「健常な状態」と「認知症」のちょうど中間に位置するグレーゾーンにMCI(軽度認知障害)というのがあるそうです。


年齢相応よりも記憶力や判断力などの認知機能が低下しているものの日常生活の基本的な動作は自立して行えるのが大きな特徴。


MCIの主な特徴は、

・物忘れの自覚がある: 本人や家族が「最近お かしい」と気づいている。

・認知機能の低下: 記憶、注意、言語、空間認識などの一部に問題がある。

・日常生活は自立: 家事や買い物、お金の管理などは多少時間がかかっても自分でできる。
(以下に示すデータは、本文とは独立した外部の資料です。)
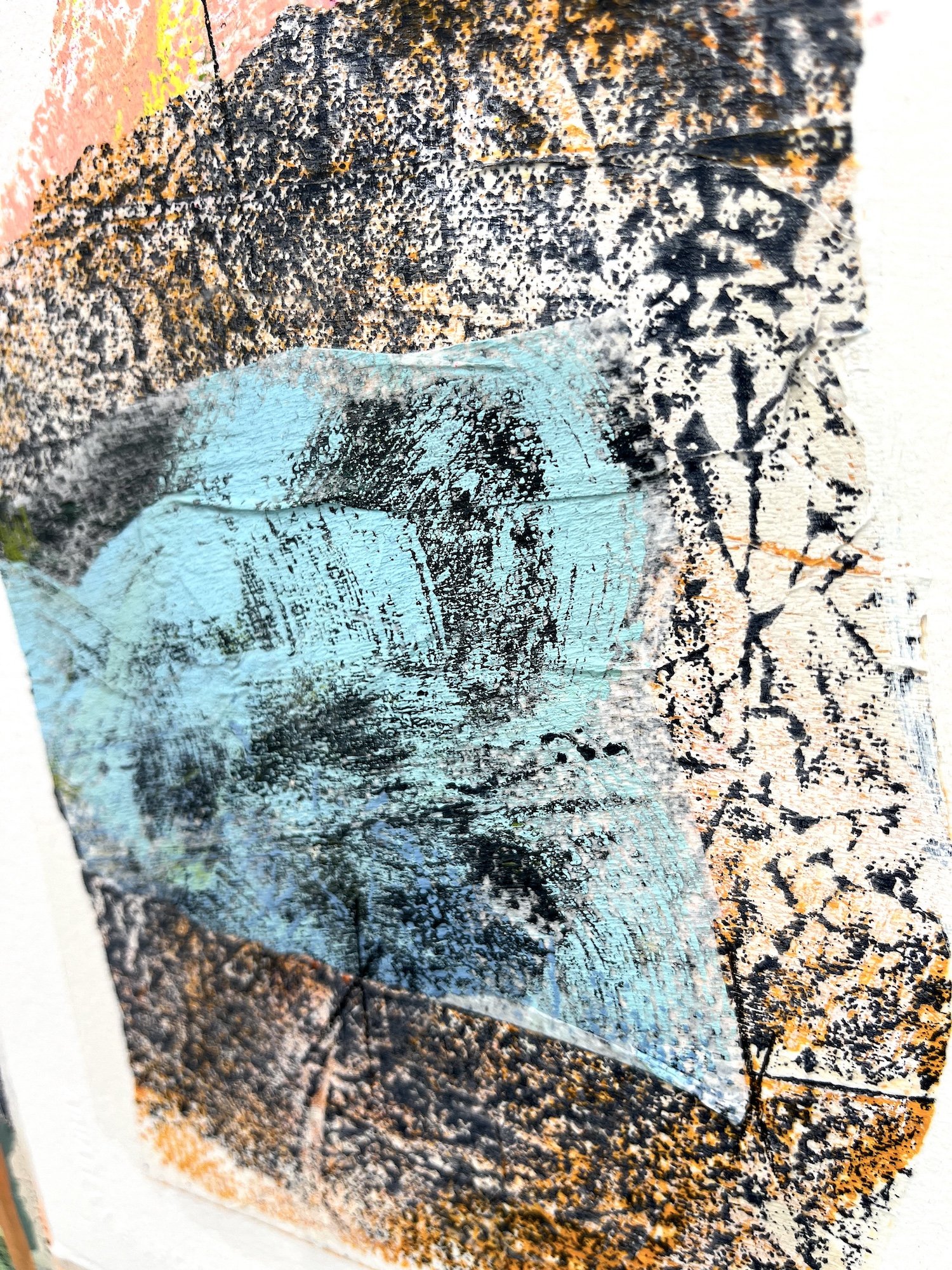 paper24_paper24-103_10x8-collage_detail2.jpeg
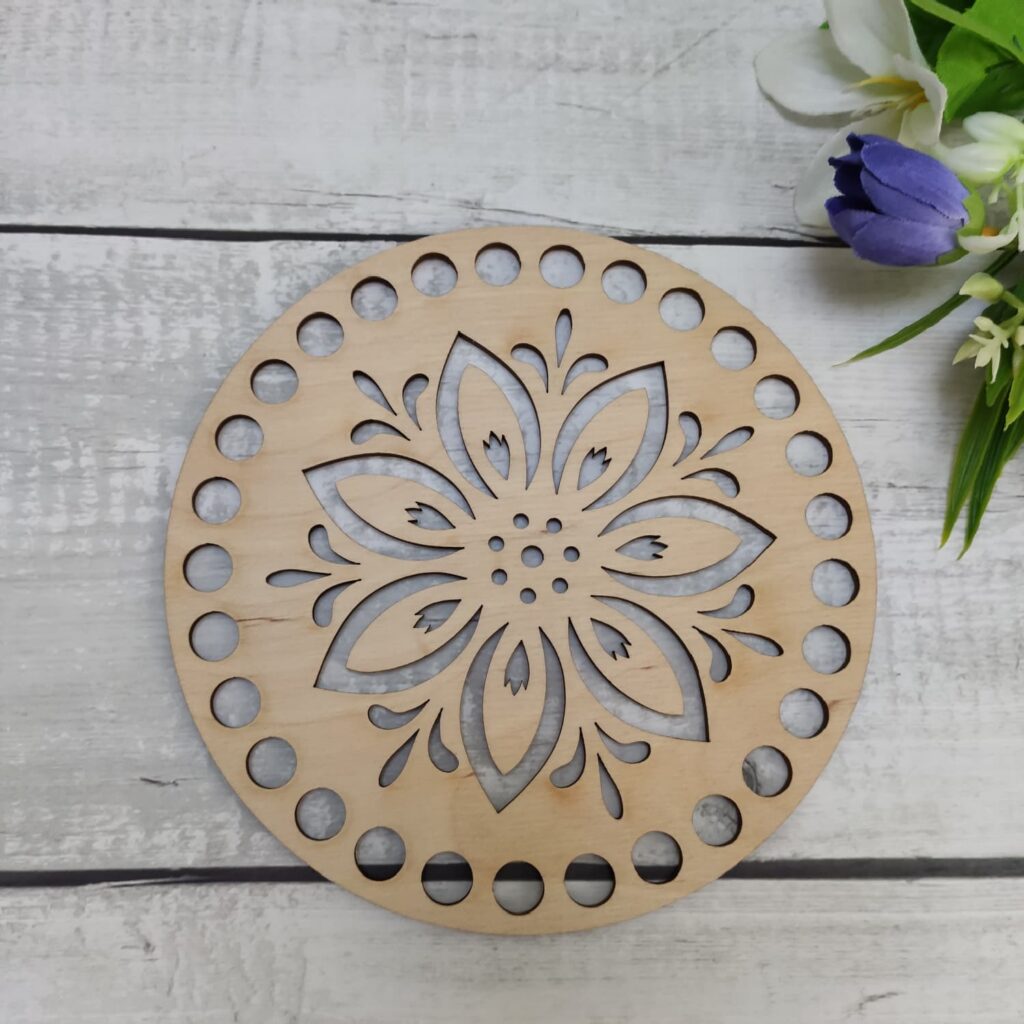 whatsapp image 2026 04 06 at 15.00.49 (1)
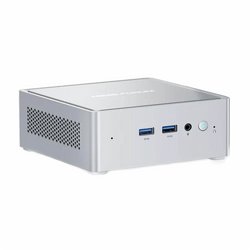���� ���� ���� MinisForum NAB9 Plus NAB9PLUS-32G1T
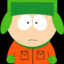 Kyle Broflovski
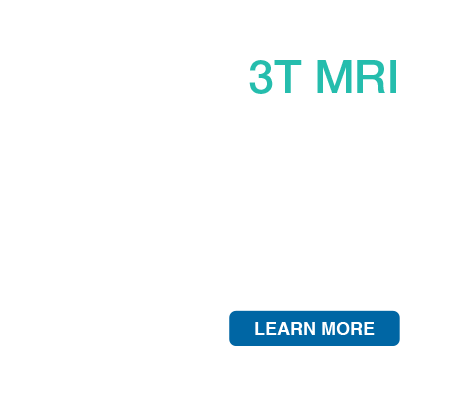 3T MRI text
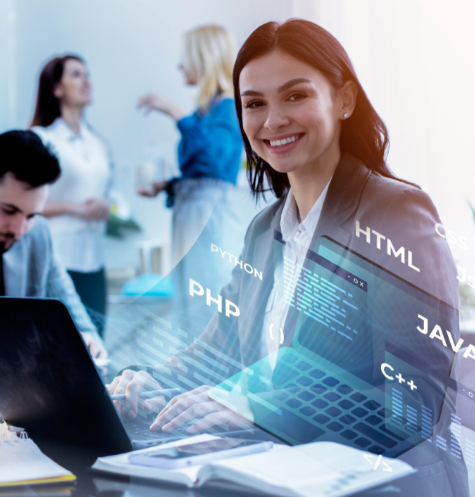 How to Choose the Right Software Development Company: A Complete Guide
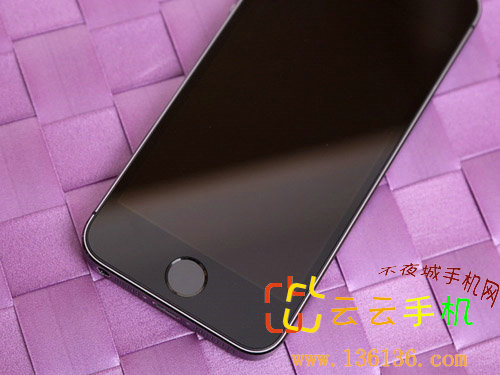 ջҵ͵ʱ» iPhone 5sͼ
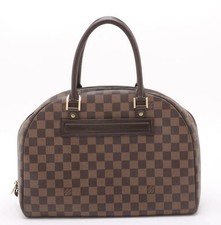 Louis Vuitton Nolita Boston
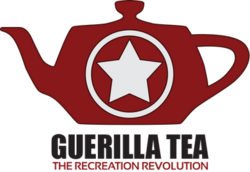 Guerilla Tea Company Logo.png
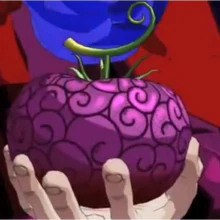 Cursed Fruit The Fairy One Piece Tail Universe Wiki Fandom Find images of fruits vegetables. cursed fruit the fairy one piece tail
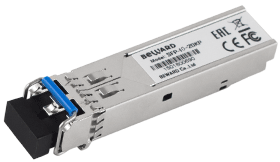 SFP-100M-20KP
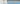 Signalkabel RE-2Y(St)Yv - 1x2x0,5  afmål sort - 1
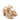 Siren Hannah Platforma Sandals SIREN WOMENS FOOTWEAR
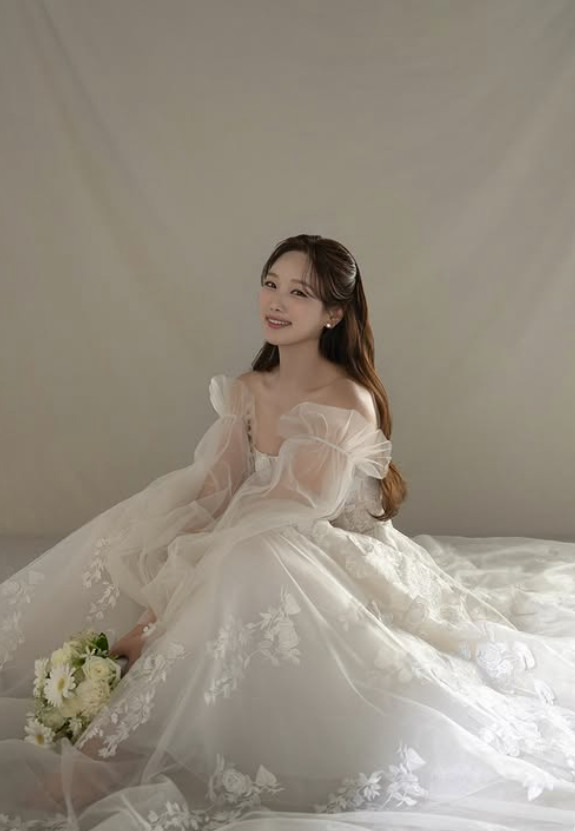 에스비에스스포츠 이미지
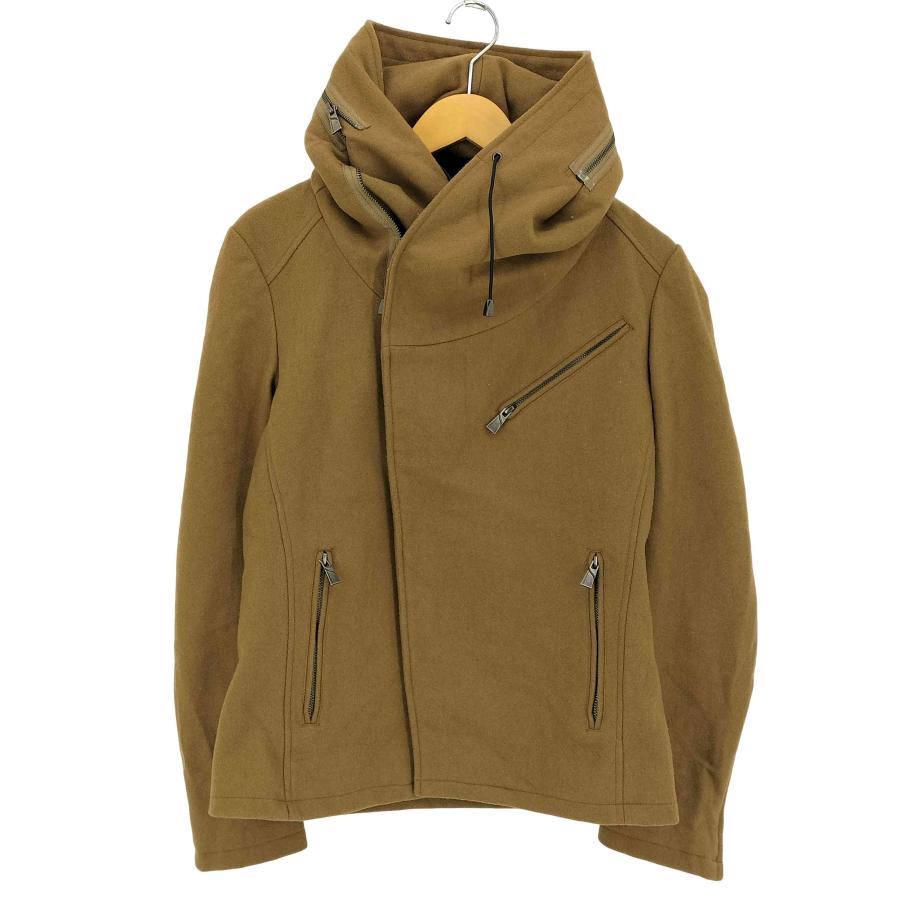 KATHARINE HAMNETT LONDON（キャサリンハムネットロンドン） ウール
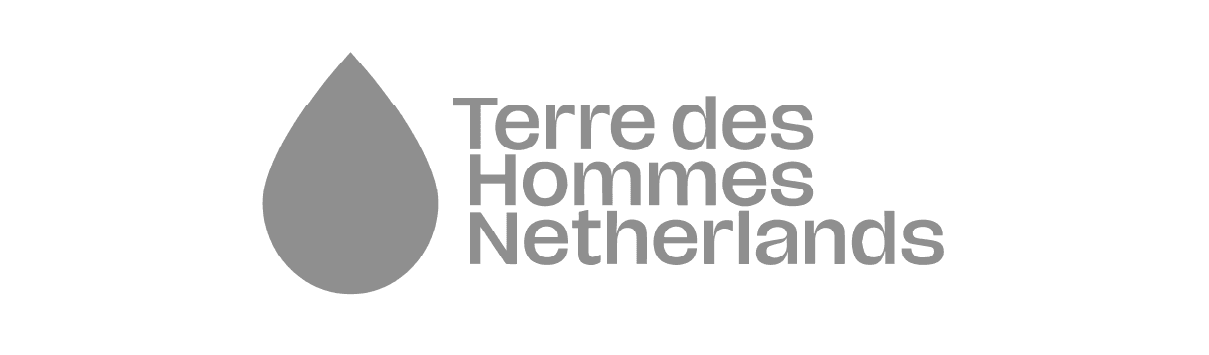 Terre Des Hommes Netherlands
・認知症ではない: 認知症の確定診断基準には満たない。


日常生活で見られる具体的なサインは、

・同じ話を何度も繰り返す。

・約束の日時や予定を忘れてしまう。

・物の置き忘れや、探し回ることが増える。

・料理のレパートリーが減り、決まったメニューばかり作るようになる。

・仕事や趣味でのミスが増え、効率が悪くなる。 


進行を防ぐための主な予防策は、脳の血流を良くし、神経細胞を活性化させることが推奨されます。

・有酸素運動: ウォーキングや軽いジョギングを週に数回行う。

・バランスの良い食事: 抗酸化作用のある野菜や、青魚(DHA・EPA)を積極的に摂る。

・知的・社会的活動: 読書やパズル、地域のコミュニティ活動に参加して人と交流する。

・持病の管理: 高血圧や糖尿病などの生活習慣病は認知機能低下のリスクを高めるため、適切に治療する。


MCIになったからといって、必ず認知症になるわけではなく、適切な対策や原因の治療により、年間で16〜41%の人が正常な認知機能に戻る(リバートする)という報告もあります。


認知症への進行を予防するには、早い段階から適切な対策をとることが有用だそうで、できるだけ早期にMCIを発見することが重要のようです!